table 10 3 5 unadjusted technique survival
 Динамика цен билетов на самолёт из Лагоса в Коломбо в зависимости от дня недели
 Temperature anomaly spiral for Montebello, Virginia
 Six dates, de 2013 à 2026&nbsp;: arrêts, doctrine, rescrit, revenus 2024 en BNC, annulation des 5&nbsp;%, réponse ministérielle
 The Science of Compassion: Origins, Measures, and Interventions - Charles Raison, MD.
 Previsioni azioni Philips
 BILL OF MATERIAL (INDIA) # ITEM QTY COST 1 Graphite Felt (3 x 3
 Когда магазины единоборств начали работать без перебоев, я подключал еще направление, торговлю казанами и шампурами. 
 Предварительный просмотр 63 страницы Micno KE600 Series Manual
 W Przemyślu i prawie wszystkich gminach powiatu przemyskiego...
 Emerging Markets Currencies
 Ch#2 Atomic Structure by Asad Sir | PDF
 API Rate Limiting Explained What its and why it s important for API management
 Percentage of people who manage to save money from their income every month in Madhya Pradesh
══════
GOAL OF THE EXERCISE:
Each line of the records should be transcribed without change.

RESULT FOR THIS TASK:
table 10 3 5 unadjusted technique survival
 Динамика цен билетов на самолёт из Лагоса в Коломбо в зависимости от дня недели
 Temperature anomaly spiral for Montebello, Virginia
 Six dates, de 2013 à 2026&nbsp;: arrêts, doctrine, rescrit, revenus 2024 en BNC, annulation des 5&nbsp;%, réponse ministérielle
 The Science of Compassion: Origins, Measures, and Interventions - Charles Raison, MD.
 Previsioni azioni Philips
 BILL OF MATERIAL (INDIA) # ITEM QTY COST 1 Graphite Felt (3 x 3
 Когда магазины единоборств начали работать без перебоев, я подключал еще направление, торговлю казанами и шампурами. 
 Предварительный просмотр 63 страницы Micno KE600 Series Manual
 W Przemyślu i prawie wszystkich gminach powiatu przemyskiego...
 Emerging Markets Currencies
 Ch#2 Atomic Structure by Asad Sir | PDF
 API Rate Limiting Explained What its and why it s important for API management
 Percentage of people who manage to save money from their income every month in Madhya Pradesh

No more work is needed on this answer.